「メジェド、か」
段差も多い、岩だらけの道。
昼夜なく薄暗い冥界の空から、白い何かが降りてくるのが見えて、ツタンカーメンとファジュルはその場所に駆けつけた。
「何だあいつは!?」
「待って! 見覚えが……あった! ここに挿し絵が!」
ファジュルが死者の書を開き、ツタンカーメンに示す。
「メジェド、か。見た目はあんなだけど正義の味方らしいな。だけど……」
だけどどうしてそのメジェドが、ガサクに詰め寄っているのだろう。
全身を布で隠したメジェドからは、もちろん表情はうかがえない。
ガサクは、悲しそうだった。
メジェドの布の両脇が膨らんだ。
遠目には両手を広げたように見えた。
けれどすぐに違うとわかった。
その膨らみが立ち上がったからだ。
一人目のメジェドの布の下から、同じ大きさのメジェドが左右に一人ずつ出てきて、三人になった。
不気味さに、ファジュルが怯えた声を漏らした。
三人になったメジェドの布の中から、新たに二人ずつのメジェドが現れた。
ツタンカーメンが唾を飲み込む。
最初は一人だったのに、布の中に九人ものメジェドが隠れていたようにはとても見えなかった。

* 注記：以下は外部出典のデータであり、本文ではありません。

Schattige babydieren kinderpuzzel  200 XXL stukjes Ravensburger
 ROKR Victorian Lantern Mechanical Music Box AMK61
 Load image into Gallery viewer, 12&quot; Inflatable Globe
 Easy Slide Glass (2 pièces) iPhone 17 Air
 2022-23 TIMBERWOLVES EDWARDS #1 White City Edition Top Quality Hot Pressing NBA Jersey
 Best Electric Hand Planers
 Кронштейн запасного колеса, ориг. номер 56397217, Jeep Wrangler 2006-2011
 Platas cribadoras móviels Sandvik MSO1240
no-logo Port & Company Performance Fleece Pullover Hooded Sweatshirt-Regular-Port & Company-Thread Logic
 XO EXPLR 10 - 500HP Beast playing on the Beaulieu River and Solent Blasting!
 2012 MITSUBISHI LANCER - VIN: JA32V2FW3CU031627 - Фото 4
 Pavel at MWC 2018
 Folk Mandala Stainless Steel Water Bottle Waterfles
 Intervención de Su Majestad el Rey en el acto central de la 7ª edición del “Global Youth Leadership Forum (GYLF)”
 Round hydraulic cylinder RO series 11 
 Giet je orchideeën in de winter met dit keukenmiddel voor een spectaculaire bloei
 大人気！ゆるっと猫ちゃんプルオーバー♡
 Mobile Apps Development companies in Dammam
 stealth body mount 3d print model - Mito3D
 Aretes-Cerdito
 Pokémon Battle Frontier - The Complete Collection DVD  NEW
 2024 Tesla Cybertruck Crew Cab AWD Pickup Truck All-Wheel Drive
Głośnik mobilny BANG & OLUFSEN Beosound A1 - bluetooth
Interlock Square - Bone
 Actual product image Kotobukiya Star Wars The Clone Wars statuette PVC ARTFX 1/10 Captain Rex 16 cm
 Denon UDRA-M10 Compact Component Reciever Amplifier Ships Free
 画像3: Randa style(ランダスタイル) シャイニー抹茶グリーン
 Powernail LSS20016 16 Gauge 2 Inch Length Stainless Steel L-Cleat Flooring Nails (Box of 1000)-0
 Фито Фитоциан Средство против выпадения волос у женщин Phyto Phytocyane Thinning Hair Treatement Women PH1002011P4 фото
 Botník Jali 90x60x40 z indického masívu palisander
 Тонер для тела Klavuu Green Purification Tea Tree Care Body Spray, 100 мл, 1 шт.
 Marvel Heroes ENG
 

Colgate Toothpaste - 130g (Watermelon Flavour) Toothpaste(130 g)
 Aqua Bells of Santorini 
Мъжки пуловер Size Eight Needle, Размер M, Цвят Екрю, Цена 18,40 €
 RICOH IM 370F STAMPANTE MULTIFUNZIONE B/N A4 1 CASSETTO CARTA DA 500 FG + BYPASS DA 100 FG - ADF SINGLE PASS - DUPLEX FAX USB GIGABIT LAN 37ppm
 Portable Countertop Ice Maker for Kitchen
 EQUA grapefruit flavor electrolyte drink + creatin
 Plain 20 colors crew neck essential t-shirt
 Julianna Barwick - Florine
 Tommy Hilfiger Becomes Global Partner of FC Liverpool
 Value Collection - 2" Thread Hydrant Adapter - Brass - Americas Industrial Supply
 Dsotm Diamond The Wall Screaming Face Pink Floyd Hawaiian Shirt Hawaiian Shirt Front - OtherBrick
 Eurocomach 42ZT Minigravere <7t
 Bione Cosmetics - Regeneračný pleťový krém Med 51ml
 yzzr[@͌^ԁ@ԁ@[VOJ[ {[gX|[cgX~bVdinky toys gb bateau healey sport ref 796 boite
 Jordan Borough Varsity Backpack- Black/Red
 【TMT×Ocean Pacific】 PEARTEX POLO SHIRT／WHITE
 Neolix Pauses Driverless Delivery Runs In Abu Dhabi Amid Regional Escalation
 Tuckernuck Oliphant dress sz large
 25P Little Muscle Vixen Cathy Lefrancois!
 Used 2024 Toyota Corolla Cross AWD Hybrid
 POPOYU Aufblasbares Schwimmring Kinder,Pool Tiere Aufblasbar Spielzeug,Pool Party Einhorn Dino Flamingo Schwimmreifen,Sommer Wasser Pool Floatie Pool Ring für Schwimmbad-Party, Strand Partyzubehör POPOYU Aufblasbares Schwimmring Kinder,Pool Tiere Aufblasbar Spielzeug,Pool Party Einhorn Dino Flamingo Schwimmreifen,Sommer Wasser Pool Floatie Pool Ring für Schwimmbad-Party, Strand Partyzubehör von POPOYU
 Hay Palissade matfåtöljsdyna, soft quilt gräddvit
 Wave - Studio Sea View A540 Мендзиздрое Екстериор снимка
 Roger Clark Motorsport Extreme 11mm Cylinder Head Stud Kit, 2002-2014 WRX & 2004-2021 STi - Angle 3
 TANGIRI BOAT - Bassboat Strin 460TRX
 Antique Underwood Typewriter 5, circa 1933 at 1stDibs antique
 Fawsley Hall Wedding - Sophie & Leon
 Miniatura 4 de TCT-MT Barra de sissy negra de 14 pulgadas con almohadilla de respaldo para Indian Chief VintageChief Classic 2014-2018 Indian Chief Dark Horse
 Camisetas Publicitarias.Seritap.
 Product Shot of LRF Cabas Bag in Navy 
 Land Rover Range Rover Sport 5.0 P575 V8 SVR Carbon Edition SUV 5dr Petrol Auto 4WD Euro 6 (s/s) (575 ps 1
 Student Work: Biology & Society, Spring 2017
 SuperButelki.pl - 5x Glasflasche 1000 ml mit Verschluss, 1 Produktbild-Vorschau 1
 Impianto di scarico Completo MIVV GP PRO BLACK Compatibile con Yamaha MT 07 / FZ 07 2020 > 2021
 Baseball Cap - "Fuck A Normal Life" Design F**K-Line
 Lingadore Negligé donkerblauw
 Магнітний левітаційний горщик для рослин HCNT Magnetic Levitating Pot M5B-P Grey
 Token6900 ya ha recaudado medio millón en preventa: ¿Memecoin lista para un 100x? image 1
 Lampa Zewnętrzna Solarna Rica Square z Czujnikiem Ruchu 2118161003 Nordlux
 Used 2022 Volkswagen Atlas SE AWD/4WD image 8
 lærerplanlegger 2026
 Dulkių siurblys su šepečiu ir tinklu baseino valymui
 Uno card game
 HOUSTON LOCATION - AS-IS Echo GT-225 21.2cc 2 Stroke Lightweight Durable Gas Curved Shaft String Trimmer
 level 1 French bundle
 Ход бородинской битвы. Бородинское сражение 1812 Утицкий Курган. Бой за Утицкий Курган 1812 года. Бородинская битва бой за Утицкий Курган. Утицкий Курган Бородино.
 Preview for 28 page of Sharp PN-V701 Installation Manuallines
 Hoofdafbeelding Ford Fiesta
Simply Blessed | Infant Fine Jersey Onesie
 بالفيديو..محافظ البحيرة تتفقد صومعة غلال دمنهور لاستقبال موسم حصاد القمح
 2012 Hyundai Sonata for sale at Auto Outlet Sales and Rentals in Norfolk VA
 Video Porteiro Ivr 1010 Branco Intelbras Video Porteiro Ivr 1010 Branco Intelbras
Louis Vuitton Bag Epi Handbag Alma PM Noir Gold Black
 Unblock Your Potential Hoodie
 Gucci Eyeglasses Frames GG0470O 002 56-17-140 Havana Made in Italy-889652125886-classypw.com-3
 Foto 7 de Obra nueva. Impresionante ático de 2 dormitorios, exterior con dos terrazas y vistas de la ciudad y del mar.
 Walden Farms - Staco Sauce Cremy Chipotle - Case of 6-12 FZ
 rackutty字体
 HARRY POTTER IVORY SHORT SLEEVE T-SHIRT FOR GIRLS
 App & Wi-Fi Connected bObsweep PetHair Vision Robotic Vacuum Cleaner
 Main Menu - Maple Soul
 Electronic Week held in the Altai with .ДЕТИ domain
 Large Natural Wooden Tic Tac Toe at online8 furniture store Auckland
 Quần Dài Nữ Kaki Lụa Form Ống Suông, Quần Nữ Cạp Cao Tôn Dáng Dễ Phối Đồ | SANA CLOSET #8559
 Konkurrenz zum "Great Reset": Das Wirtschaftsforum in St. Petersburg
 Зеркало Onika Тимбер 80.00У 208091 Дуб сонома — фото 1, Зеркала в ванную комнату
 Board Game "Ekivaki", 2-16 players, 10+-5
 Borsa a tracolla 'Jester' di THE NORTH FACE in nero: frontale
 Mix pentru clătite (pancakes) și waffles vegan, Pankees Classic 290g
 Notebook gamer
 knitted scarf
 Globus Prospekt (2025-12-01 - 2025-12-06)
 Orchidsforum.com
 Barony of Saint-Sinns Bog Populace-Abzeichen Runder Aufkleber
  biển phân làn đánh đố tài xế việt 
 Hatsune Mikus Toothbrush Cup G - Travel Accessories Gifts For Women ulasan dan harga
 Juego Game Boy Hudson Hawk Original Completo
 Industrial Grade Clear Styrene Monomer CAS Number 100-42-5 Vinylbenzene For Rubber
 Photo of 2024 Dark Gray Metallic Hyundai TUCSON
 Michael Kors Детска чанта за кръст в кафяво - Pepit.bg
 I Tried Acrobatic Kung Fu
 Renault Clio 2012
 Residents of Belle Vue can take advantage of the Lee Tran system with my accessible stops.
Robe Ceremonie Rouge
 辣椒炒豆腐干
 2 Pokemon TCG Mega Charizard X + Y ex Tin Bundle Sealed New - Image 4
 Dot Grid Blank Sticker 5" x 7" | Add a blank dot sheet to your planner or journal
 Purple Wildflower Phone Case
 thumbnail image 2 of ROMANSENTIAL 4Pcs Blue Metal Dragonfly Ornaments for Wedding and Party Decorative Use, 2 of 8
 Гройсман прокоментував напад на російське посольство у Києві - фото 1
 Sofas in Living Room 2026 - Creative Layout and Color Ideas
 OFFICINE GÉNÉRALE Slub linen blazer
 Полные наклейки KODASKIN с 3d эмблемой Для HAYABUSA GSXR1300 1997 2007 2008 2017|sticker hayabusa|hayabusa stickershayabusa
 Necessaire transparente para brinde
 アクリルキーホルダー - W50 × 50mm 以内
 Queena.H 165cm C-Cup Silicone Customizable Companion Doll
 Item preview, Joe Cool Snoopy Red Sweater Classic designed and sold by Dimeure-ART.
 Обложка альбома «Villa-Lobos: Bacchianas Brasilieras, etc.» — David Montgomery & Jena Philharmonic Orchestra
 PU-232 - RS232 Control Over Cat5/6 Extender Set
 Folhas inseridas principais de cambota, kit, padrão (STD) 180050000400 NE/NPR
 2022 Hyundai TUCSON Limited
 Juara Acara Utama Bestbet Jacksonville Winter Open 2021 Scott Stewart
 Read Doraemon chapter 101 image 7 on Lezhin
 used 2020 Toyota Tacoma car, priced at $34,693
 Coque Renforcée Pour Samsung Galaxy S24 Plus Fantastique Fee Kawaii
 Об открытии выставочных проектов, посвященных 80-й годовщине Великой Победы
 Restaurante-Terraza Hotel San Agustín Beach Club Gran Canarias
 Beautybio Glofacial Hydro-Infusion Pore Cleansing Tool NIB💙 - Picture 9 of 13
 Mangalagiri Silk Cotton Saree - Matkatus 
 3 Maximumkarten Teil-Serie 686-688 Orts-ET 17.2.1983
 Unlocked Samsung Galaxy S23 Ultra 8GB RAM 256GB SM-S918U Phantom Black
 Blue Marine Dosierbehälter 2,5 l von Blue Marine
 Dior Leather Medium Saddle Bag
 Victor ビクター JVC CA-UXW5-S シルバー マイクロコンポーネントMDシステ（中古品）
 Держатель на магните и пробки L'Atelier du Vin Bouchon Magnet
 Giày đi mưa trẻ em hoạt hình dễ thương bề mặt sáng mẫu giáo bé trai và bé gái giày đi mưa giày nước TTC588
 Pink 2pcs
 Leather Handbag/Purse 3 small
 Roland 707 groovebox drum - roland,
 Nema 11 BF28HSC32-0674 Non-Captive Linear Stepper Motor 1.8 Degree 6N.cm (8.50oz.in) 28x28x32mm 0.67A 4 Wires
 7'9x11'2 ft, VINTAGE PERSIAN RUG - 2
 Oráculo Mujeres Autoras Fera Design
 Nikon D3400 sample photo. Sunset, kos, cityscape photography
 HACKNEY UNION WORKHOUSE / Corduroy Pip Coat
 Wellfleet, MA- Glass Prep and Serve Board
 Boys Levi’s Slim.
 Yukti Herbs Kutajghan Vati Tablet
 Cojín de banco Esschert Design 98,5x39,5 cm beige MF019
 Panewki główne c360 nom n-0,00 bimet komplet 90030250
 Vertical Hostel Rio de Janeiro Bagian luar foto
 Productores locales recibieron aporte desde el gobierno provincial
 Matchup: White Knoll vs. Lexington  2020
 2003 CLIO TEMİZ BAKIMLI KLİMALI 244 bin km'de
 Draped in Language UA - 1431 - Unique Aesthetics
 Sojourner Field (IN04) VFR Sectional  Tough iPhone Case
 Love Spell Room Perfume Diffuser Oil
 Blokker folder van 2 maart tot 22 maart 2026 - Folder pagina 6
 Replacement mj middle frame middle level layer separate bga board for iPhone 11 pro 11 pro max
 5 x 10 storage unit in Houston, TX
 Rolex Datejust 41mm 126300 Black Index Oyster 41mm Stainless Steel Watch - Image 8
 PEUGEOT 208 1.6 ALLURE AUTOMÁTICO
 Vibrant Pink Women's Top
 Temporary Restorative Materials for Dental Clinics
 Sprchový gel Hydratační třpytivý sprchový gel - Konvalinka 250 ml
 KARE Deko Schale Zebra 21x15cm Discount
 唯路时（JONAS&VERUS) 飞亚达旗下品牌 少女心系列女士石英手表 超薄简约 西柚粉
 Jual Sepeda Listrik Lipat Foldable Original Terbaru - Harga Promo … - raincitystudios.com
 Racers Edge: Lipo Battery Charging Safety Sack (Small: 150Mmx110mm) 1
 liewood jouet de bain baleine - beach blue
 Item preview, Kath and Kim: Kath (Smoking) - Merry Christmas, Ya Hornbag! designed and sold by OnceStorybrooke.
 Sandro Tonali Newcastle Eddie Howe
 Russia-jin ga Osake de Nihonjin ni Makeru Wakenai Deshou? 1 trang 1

その九人からさらに二人ずつ増えて、ツタンカーメンは数えるのをやめた。
ただ、二十七人のメジェドが円になってガサクを取り囲んでいるというのが、穏やかな状況でないのだけは間違いなかった。
「おまえら! 何をやっている!」
ツタンカーメンは声にファラオの威厳を込めた。
メジェドはオシリス神に仕える番兵。
ファラオはホルス神の霊体を預かる分身。
地位はファラオのほうが高い。
メジェド達が振り返った。
その一人……おそらく最初に居た一人目のメジェドの両眼から、光線が放たれた。
光線はツタンカーメンの背後にいつの間にか迫っていた悪霊を打ち倒した。
「アクリョウ クル」
布で口の動きが見えないので、どのメジェドが言っているのかはわからない。
「アクリョウ ハイリコム」
同じメジェドなのか違うメジェドなのか。
「ケッカイ ガ ユガメラレテ イル」
メジェドの攻撃を受けた悪霊は地底に消えたが……
「ケガレ」
良く見れば岩陰から無数の悪霊がこちらの様子をうかがっている。
「ハイジョ スル」
メジェド達の視線が、ガサクに集まった。
ガサクは達観した目をしていた。
「悪りィな、ファジュル。ここでさよならだ。
つーたん……ファジュルを頼むな」
息を吸う。
寂しさを飲み干すように。
「俺、墓泥棒なんだ」
結界のひずみが大気を震わせるのがツタンカーメンにも感じられた。
ツタンカーメンは王だ。
地上においてならば一声で死刑囚を解放することだってできる。
それでもガサクの告白には、足もとにうずくまるファジュルのような泣き崩れ方をせずにいるのでせいいっぱいだった。
二十七人のメジェドが自身の足もとに向けて一斉に目から光線を放った。
ガサクを中心に、地面が円に切り取られ、床が抜けるように下の階層へ……地獄への穴が開く。
ガサクが目を閉じた。
そのまま落下していった。
挿し絵、いただきましたーーー!!
メジェドについて資料にあったのは外見と役職と空を飛ぶのとビームを出すって点だけで、しゃべり方と増殖能力は筆者による設定です。